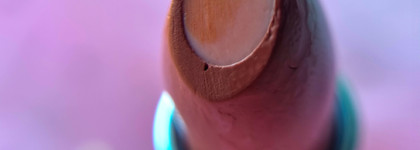 Сомнительно, но окэй. 10 оттенков матовой губной помады "СуперУвлажнение" от Avon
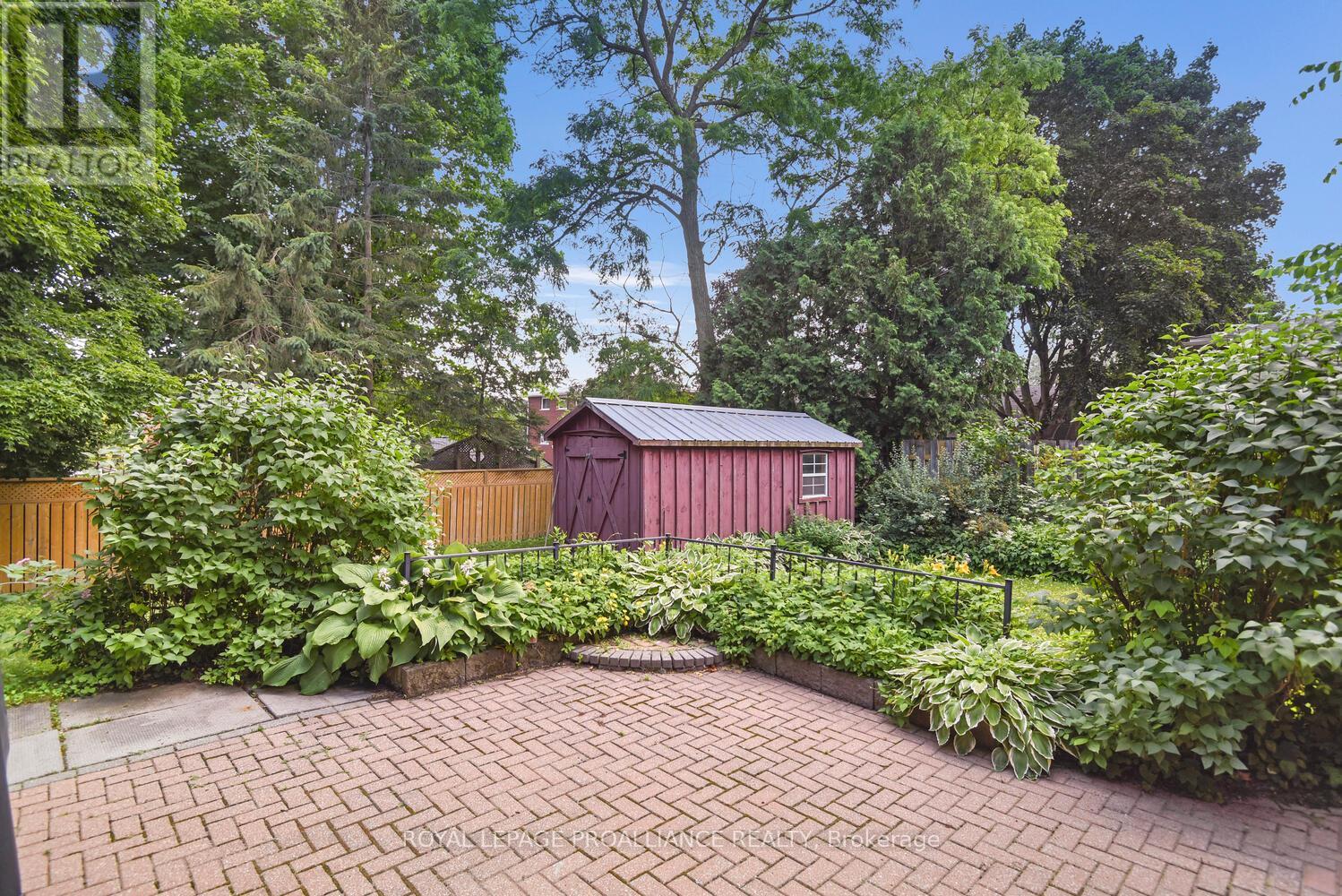 342 ABBOTT STREET W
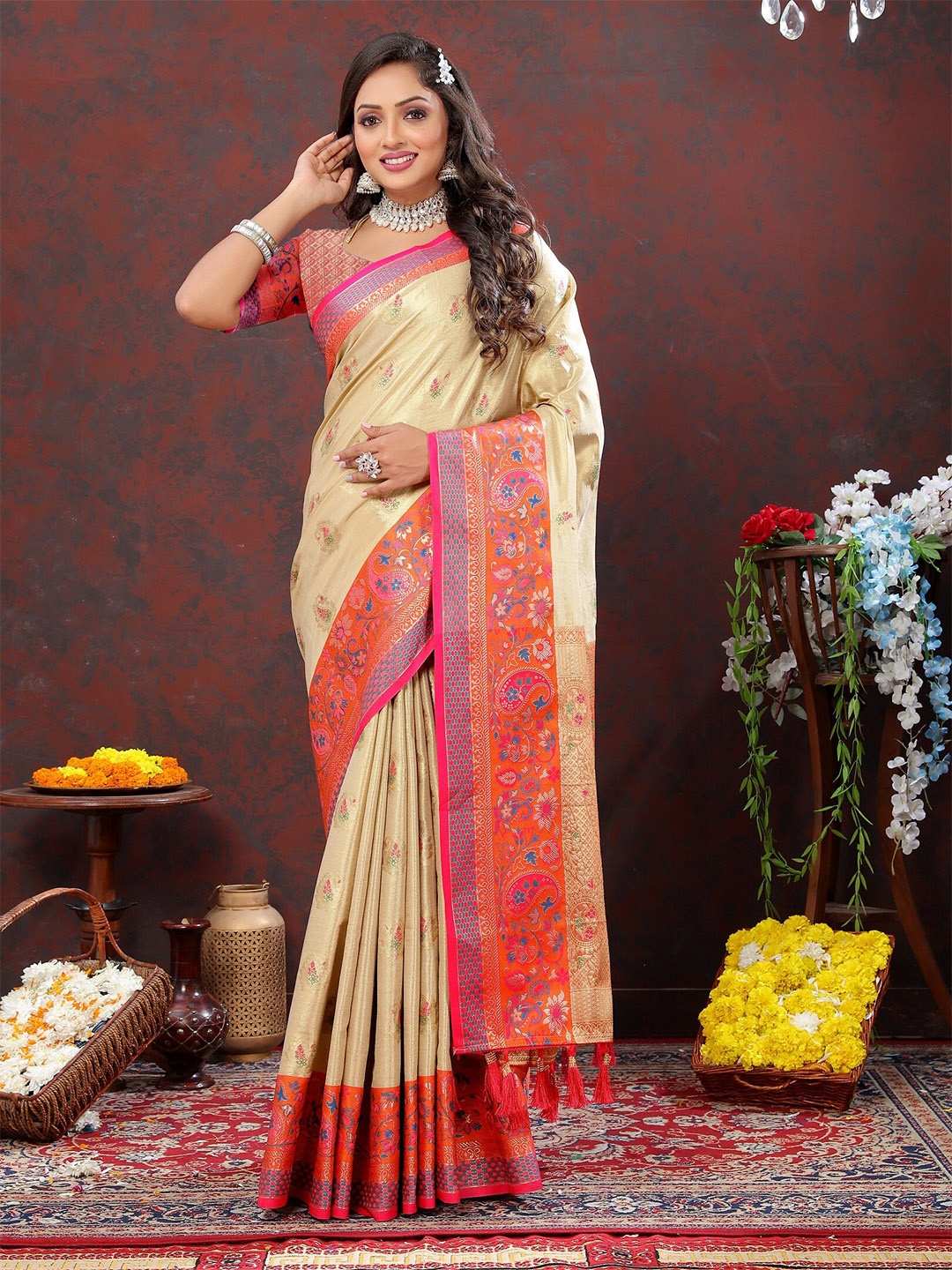 

VEDANT VASTRAM Ethnic Motifs Zari Saree, Beige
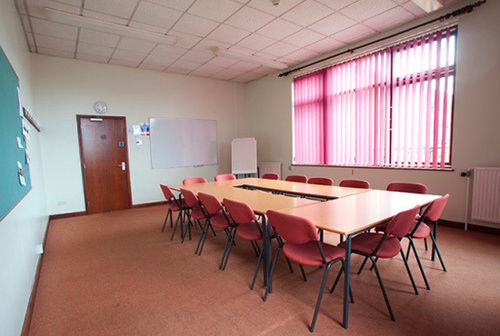 Ludlow Mascall Centre Экстерьер фото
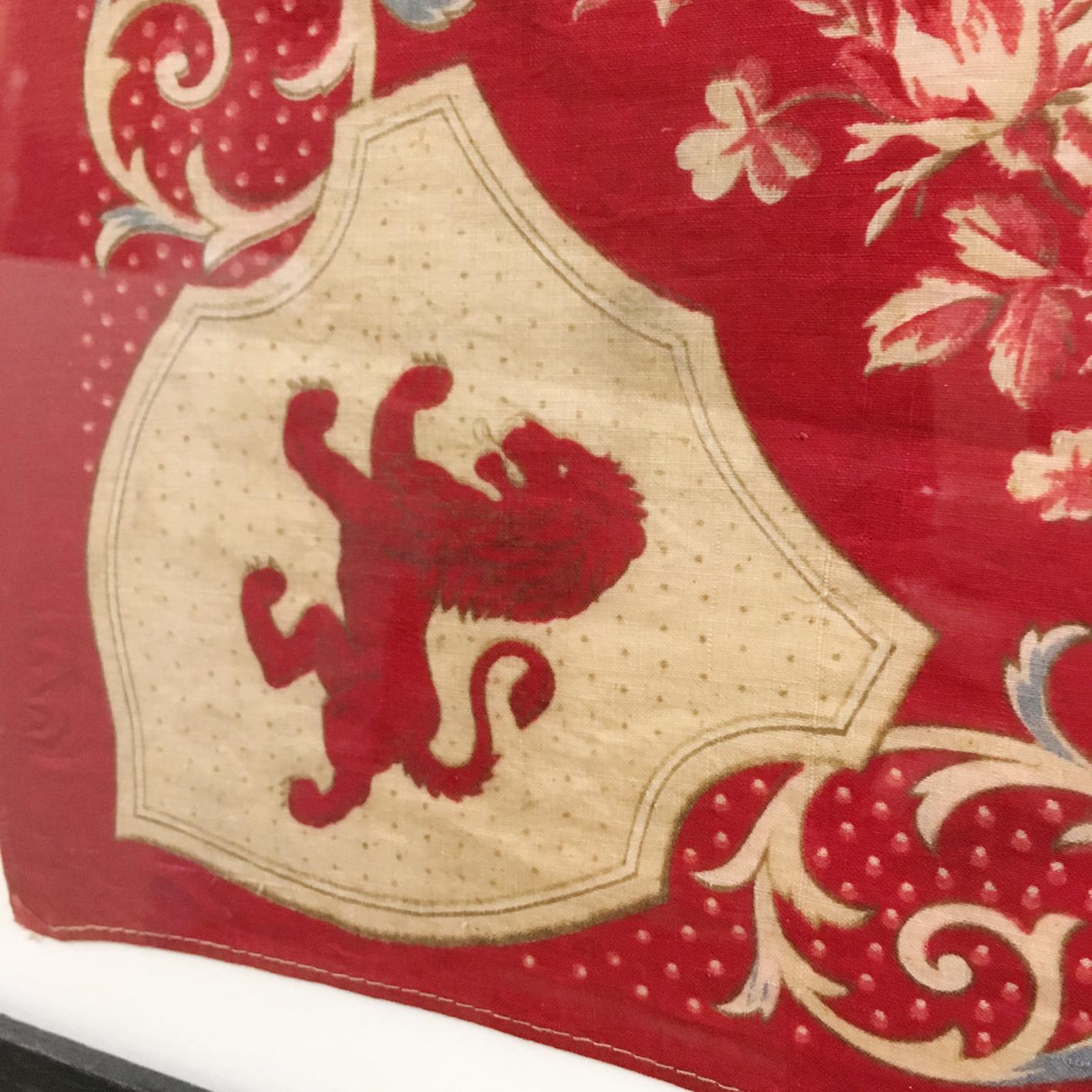 Drapeau rouge encadré du roi Édouard VII, juin 1902 en vente 5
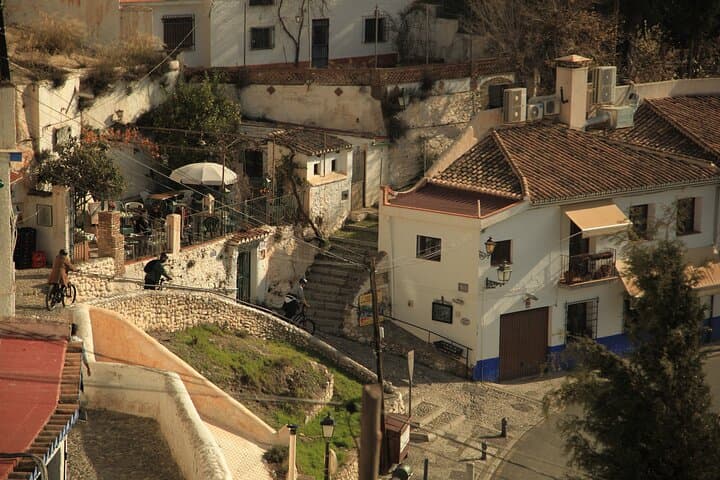 Albaicin & Sacramonte Electric Bike Tour in Granada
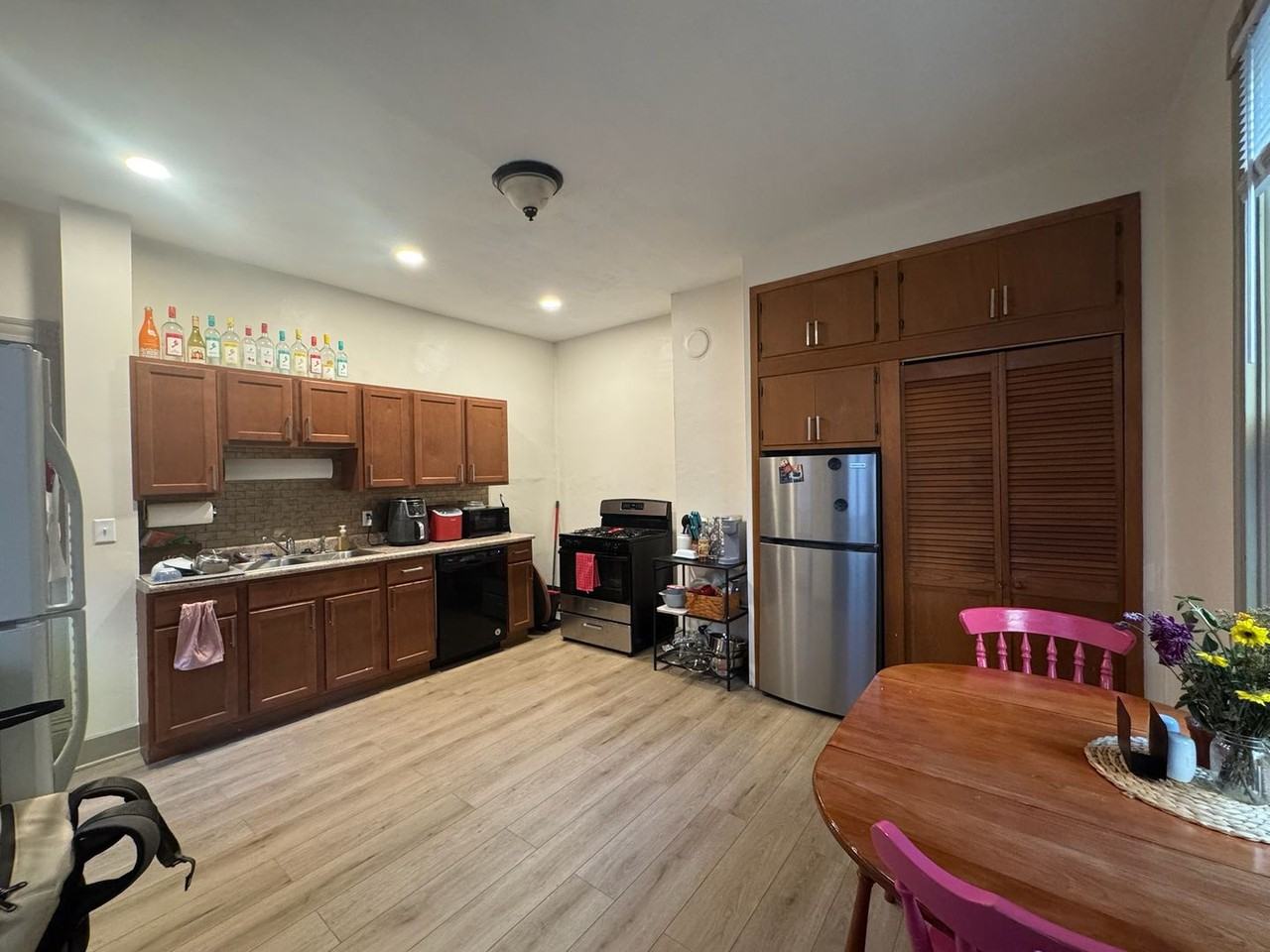 308 Klotter Ave - Photo 4 of 37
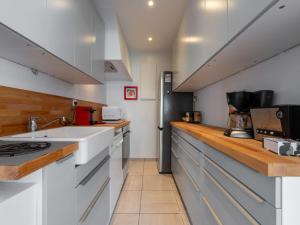 Apartment Les Girelles by Interhome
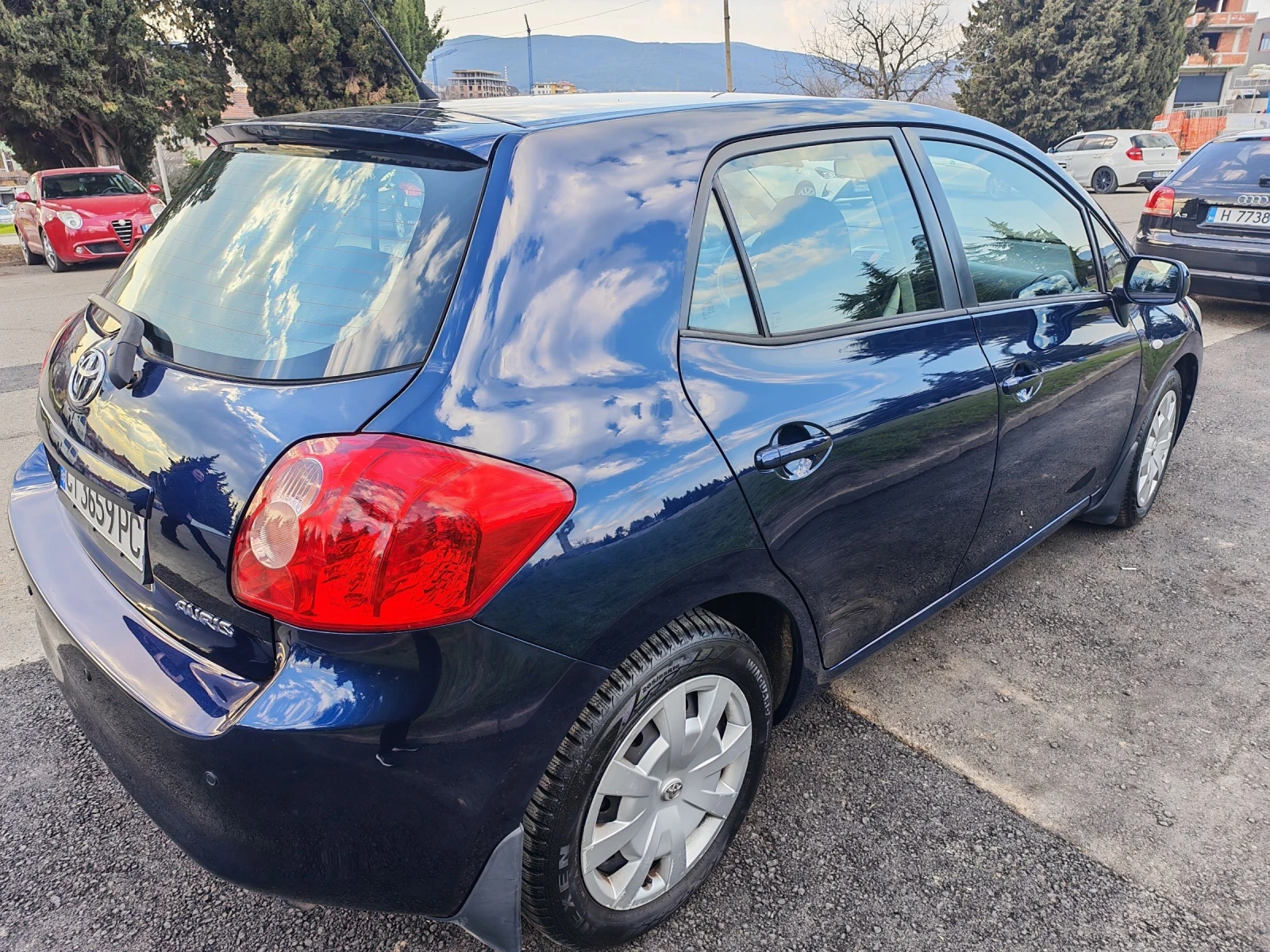 Toyota Auris 1.6 Газов инжекцион, снимка 4 - Автомобили и джипове - 53737761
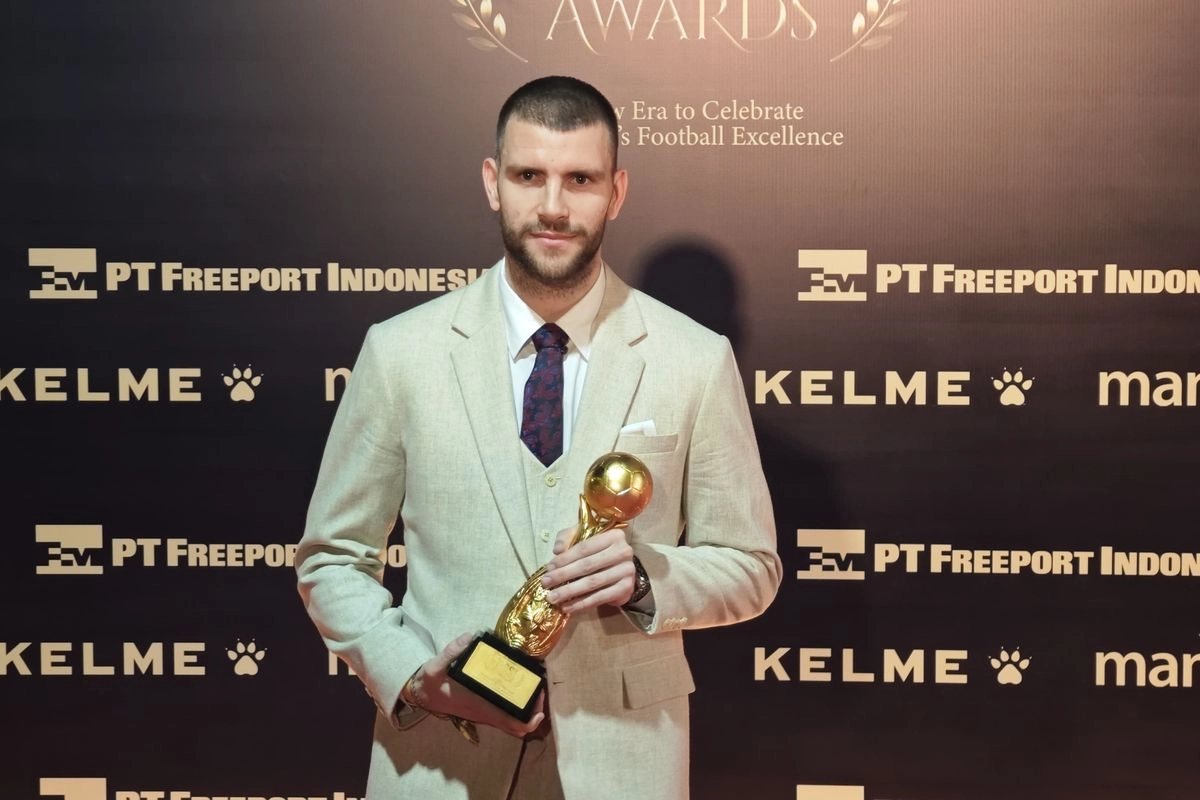 Saat Maarten Paes dan Emil Audero Bertukar Pujian di PSSI Awards 2026...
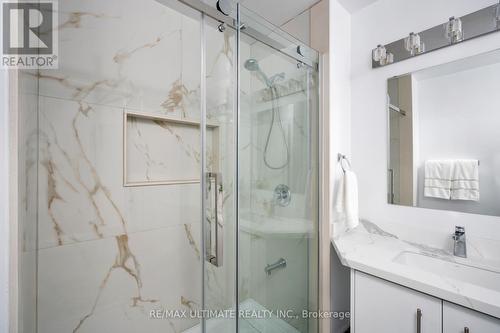 Upper - 25 Twinberry Crescent, Vaughan, ON - Indoor Photo Showing Bathroom
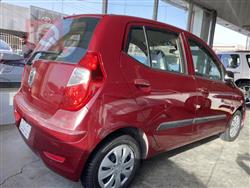 هیوندای i10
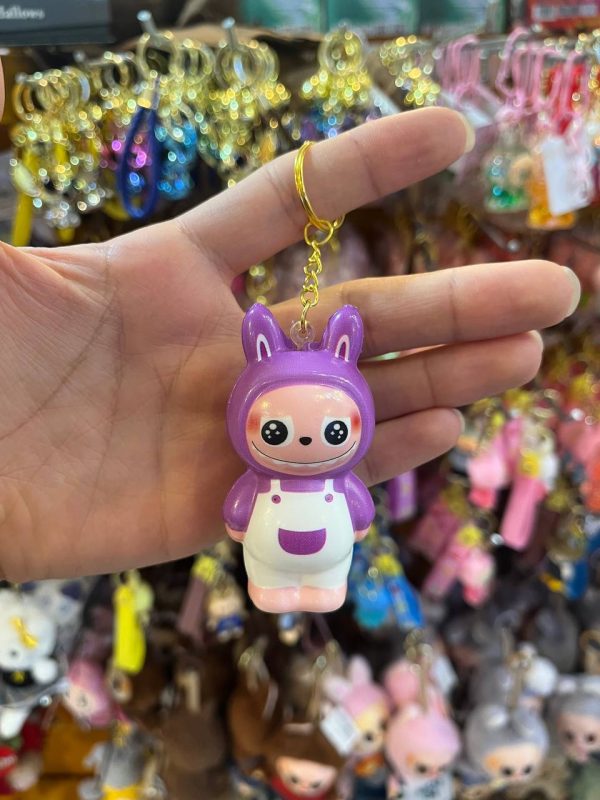 جاکلیدی اسکویشی لبوبو لباس سفید - Image 1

○ ○ ○ ○ ○

Task statement: The answer must consist solely of the lines from the first line of the records through the line containing "Saat Maarten Paes", reproduced exactly and without the pictures.

Exercise output:
 Сомнительно, но окэй. 10 оттенков матовой губной помады "СуперУвлажнение" от Avon
 342 ABBOTT STREET W

VEDANT VASTRAM Ethnic Motifs Zari Saree, Beige
 Ludlow Mascall Centre Экстерьер фото
 Drapeau rouge encadré du roi Édouard VII, juin 1902 en vente 5
 Albaicin & Sacramonte Electric Bike Tour in Granada
 308 Klotter Ave - Photo 4 of 37
 Apartment Les Girelles by Interhome
 Toyota Auris 1.6 Газов инжекцион, снимка 4 - Автомобили и джипове - 53737761
 Saat Maarten Paes dan Emil Audero Bertukar Pujian di PSSI Awards 2026...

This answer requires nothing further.